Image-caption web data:
-------

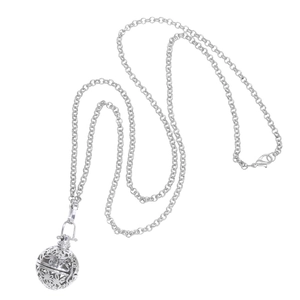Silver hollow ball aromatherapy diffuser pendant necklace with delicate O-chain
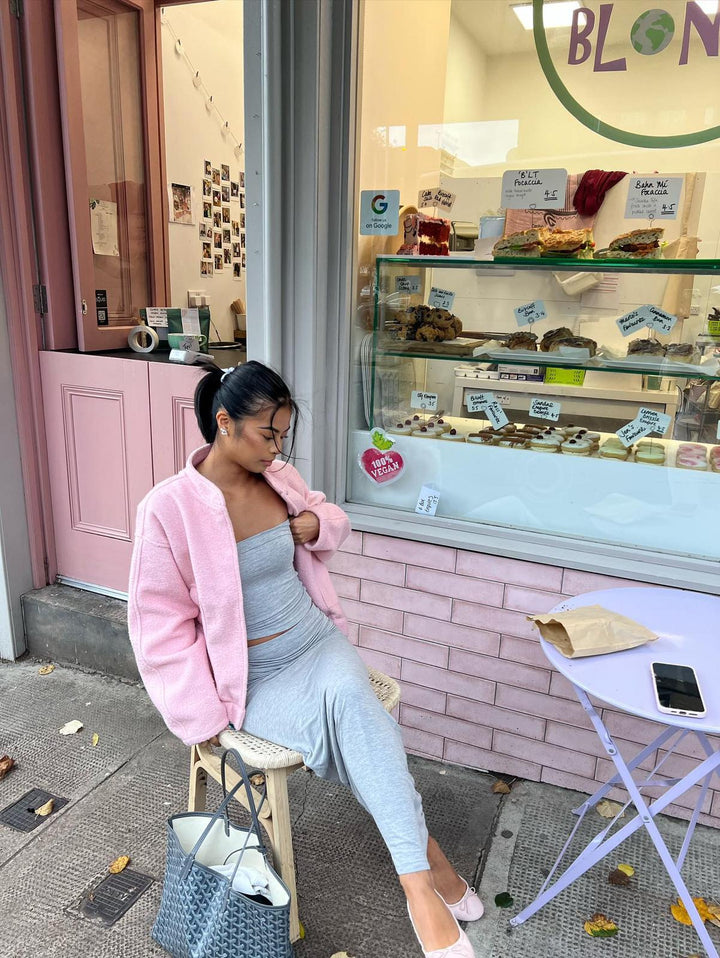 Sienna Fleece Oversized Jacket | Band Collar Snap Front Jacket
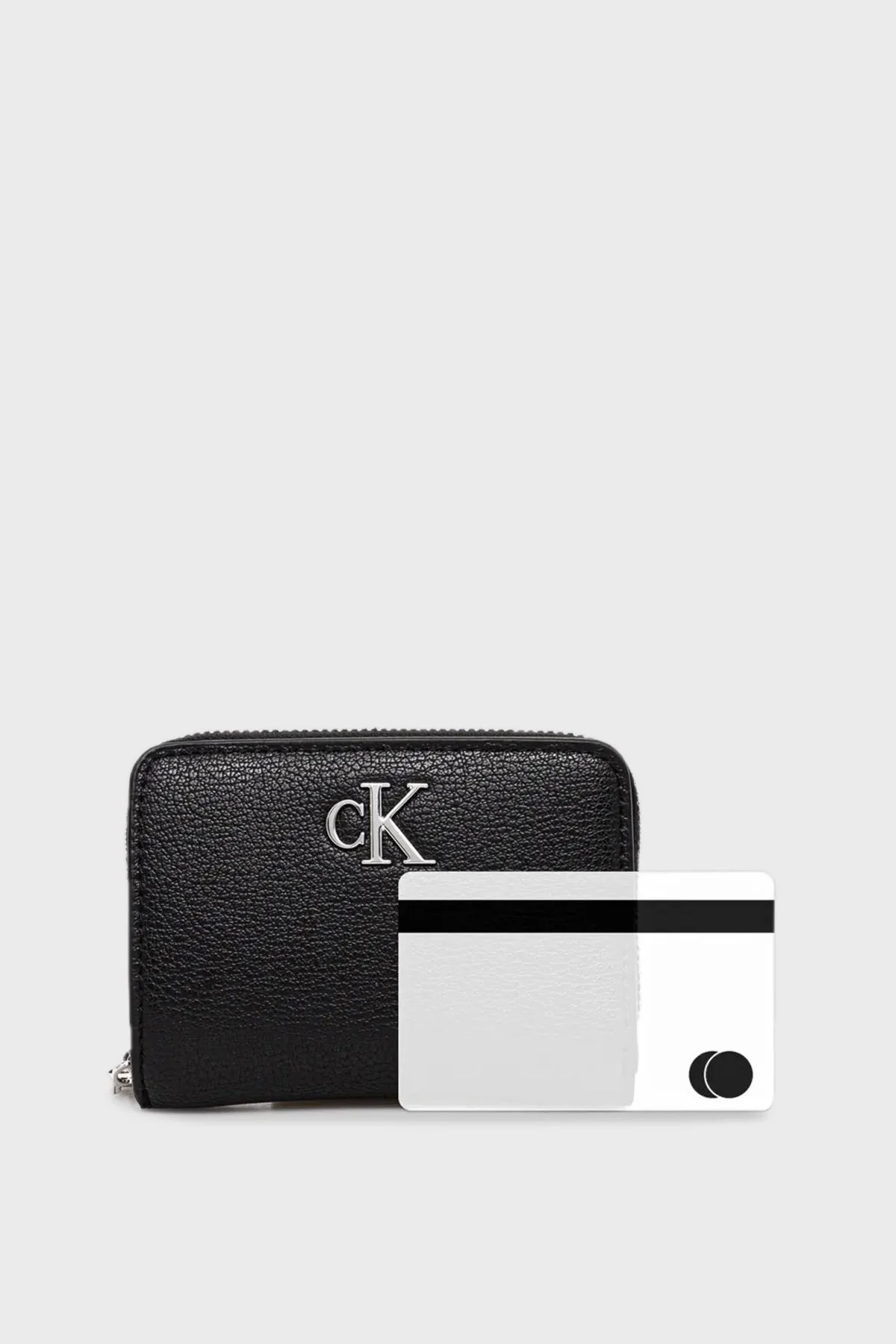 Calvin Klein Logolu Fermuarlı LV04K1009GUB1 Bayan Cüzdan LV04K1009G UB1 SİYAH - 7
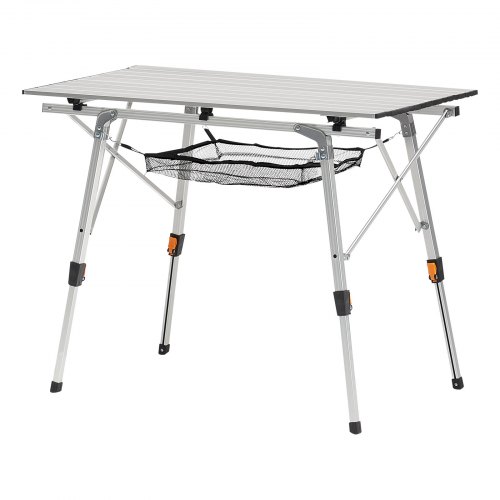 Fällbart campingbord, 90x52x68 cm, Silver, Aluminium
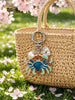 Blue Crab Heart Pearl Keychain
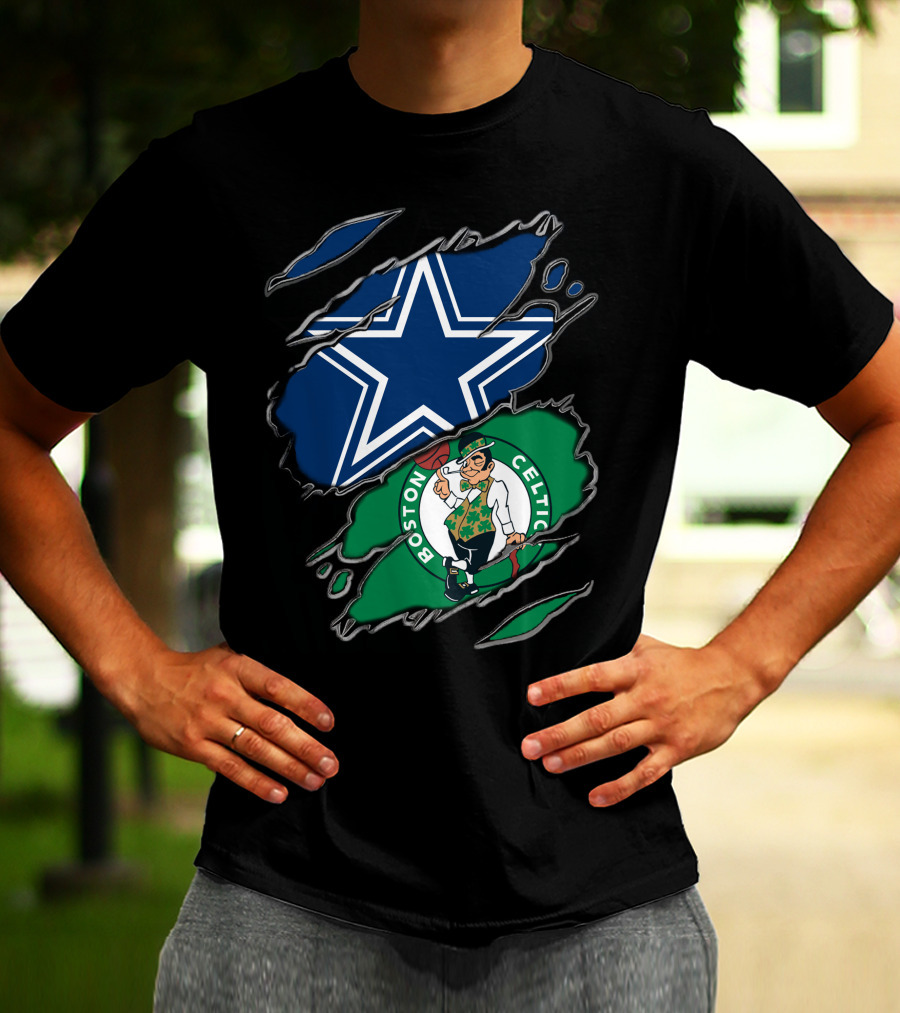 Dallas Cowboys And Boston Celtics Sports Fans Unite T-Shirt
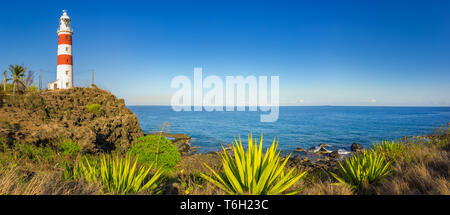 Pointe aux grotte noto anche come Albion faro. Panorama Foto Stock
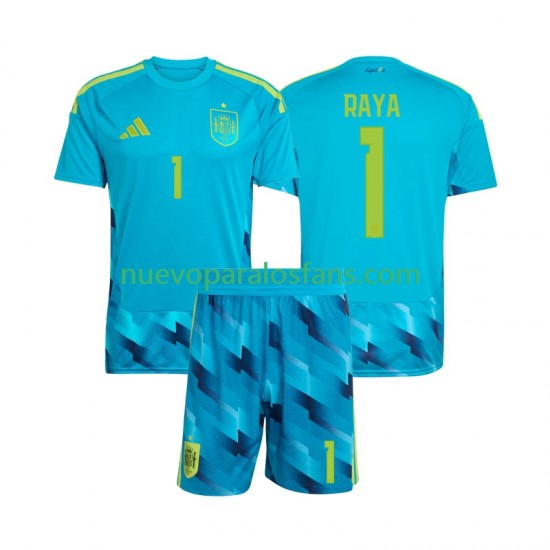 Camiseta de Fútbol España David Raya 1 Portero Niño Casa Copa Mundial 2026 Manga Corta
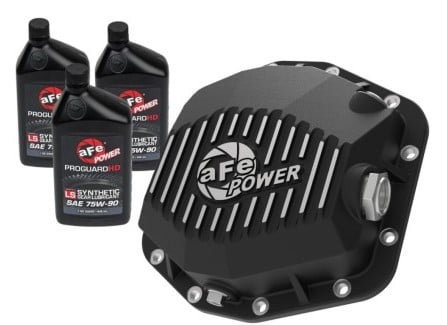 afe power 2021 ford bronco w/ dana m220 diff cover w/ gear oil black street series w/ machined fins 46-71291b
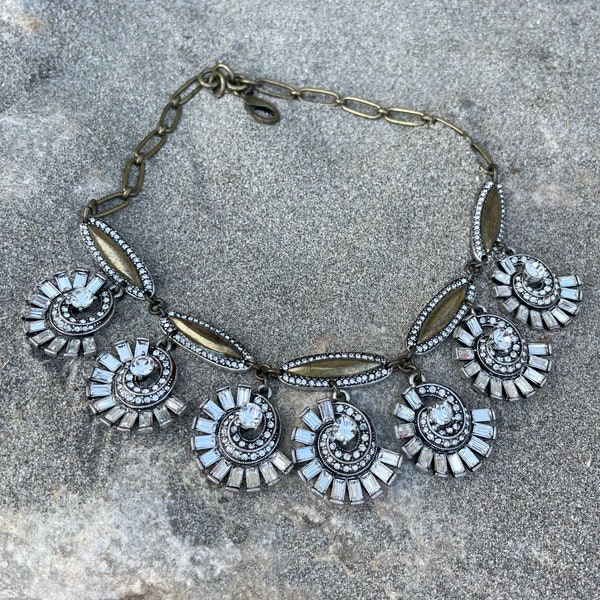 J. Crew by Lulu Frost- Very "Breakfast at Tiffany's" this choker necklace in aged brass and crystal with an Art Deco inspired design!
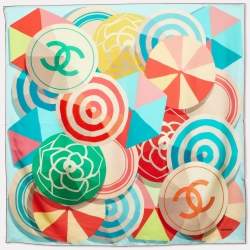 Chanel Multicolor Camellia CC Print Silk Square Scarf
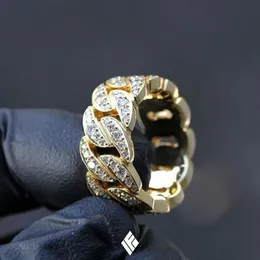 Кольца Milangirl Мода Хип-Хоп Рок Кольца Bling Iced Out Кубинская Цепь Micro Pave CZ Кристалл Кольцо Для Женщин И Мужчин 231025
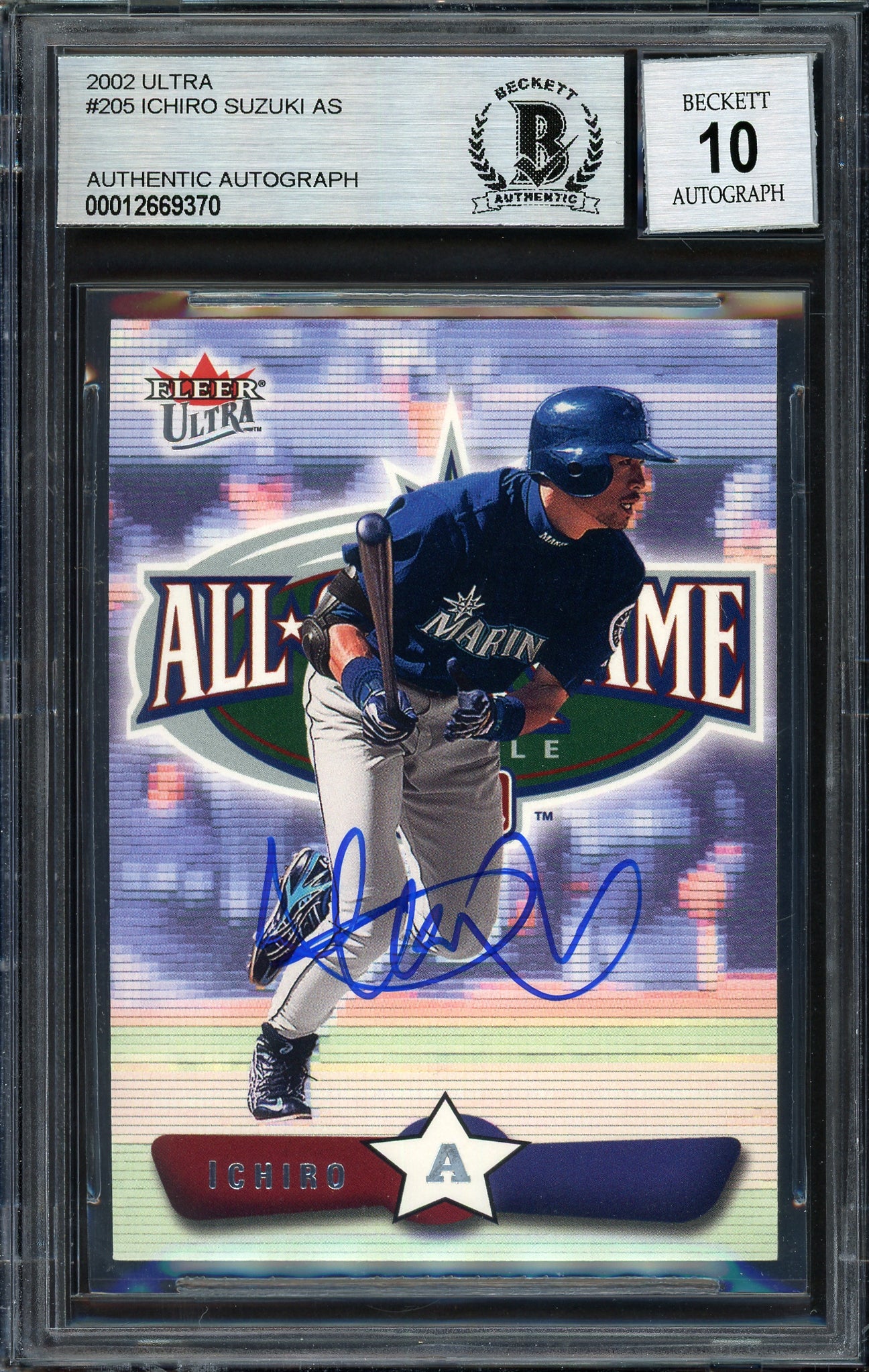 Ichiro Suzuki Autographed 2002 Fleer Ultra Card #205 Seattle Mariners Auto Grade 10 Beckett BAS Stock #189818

-------

Without the pictures, give the entries above back exactly.

THE COMPLETED TASK —
Silver hollow ball aromatherapy diffuser pendant necklace with delicate O-chain
 Sienna Fleece Oversized Jacket | Band Collar Snap Front Jacket
 Calvin Klein Logolu Fermuarlı LV04K1009GUB1 Bayan Cüzdan LV04K1009G UB1 SİYAH - 7
 Fällbart campingbord, 90x52x68 cm, Silver, Aluminium
 Blue Crab Heart Pearl Keychain
 Dallas Cowboys And Boston Celtics Sports Fans Unite T-Shirt
 Pointe aux grotte noto anche come Albion faro. Panorama Foto Stock
 Camiseta de Fútbol España David Raya 1 Portero Niño Casa Copa Mundial 2026 Manga Corta
 afe power 2021 ford bronco w/ dana m220 diff cover w/ gear oil black street series w/ machined fins 46-71291b
 J. Crew by Lulu Frost- Very "Breakfast at Tiffany's" this choker necklace in aged brass and crystal with an Art Deco inspired design!
 Chanel Multicolor Camellia CC Print Silk Square Scarf
 Кольца Milangirl Мода Хип-Хоп Рок Кольца Bling Iced Out Кубинская Цепь Micro Pave CZ Кристалл Кольцо Для Женщин И Мужчин 231025
 Ichiro Suzuki Autographed 2002 Fleer Ultra Card #205 Seattle Mariners Auto Grade 10 Beckett BAS Stock #189818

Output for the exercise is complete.